New Delhi, Dec 30 (PTI) Hindi writer Shrilal Shukla’s timeless classic “Raag Darbari” was initially met with sneers in some corners of the Hindi literary world, as leading authors and critics like Nemichand Jain put it down as "noise of discontent" and Sripat Rai termed it "great novel of great boredom".
Not only did Shukla go on to win the Sahitya Akademi award next year in 1969, the biting satire has stood the test of time and is one of Hindi literature's most read and translated novels.
Shukla, whose 100th birth anniversary is on Wednesday, became synonymous with his 1968 book, now considered a landmark in Hindi satirical writing. Shukla, who died in 2011, wrote over 25 books, including ”Makaan”, “Sooni Ghaati Ka Sooraj”, “Pehla Padaav” and “Bishrampur Ka Sant”.
In a 2005 collection of essays titled “Shrilal Shukla: Jeevan Hi Jeevan”, the IAS officer, born in Mohanlal Ganj in Uttar Pradesh, recalled that the novel “kept him sick” for almost six years, turning him into an outcast, as he acted like a “responsible householder with a mistress”.
"Living day and night with those boorish characters, my tongue became worn. Respectable women sometimes raised their eyebrows at me at the dinner table, and I began to avoid my family, and my family began to avoid me. My problem was that no place seemed appropriate for writing the book.
"So, I left my house to my wife, children, relatives, and other well-wishers, and took a separate flat, parked my car in a desolate area, and used its seat for months,” Shukla wrote in the book.
"Raag Darbari", set in the fictional village of Shivpalganj, presented a critique of the Indian power structure where the village becomes a metaphor for a nation that has failed both in governance and morality.
The sharp critique of India’s socio-political structure was made memorable through its characters that lack moral and ethical balance, are shorn of “civility”, and form a collective portrait of a society where corruption is normalised, ideals are ornamental, and survival depends on adaptation rather than integrity.
Talking about Shukla’s contribution to Hindi literature, poet and critic Ashok Vajpeyi said that the writer "shattered the myth surrounding development in India".
"What he did in 'Raag Darbari' – showing how this so-called development was riddled with paradoxes, corruption, delays, negligence, carelessness, and inertia, and how it affected people's everyday lives – was truly significant," Vajpeyi told PTI.
Shukla was also one of the chroniclers of modernity in Hindi literature, he added.
"If we look at the last 100 years of Hindi literature, Shrilal Shukla is undoubtedly one of its great luminaries.

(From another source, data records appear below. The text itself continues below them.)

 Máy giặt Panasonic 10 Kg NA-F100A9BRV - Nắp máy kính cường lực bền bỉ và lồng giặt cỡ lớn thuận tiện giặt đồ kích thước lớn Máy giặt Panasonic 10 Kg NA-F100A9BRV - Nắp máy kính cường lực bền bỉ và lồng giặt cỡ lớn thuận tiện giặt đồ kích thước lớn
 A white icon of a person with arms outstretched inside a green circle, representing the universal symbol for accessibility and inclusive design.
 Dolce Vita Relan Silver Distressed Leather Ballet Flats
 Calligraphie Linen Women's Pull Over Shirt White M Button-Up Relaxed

He primarily wrote prose and was a major novelist. In a way, these 100 years also mark 100 years of modernity in Hindi literature – modernity itself is roughly that old. So, he was not only a part of modernity but also one of its chroniclers,” Vajpeyi said.
Ashok Maheshwari, chairperson and managing director, Rajkamal Prakashan, noted that Shukla showed a village life that other writers of the time, including Premchand and Maithili Sharan Gupta, did not.
“‘Raag Darbari' shows the ugliness or deformities afflicting our villages, which exist to this day, the political manipulations, the difficulties people face in village life, all presented realistically. This makes it a relevant novel even today,” he said.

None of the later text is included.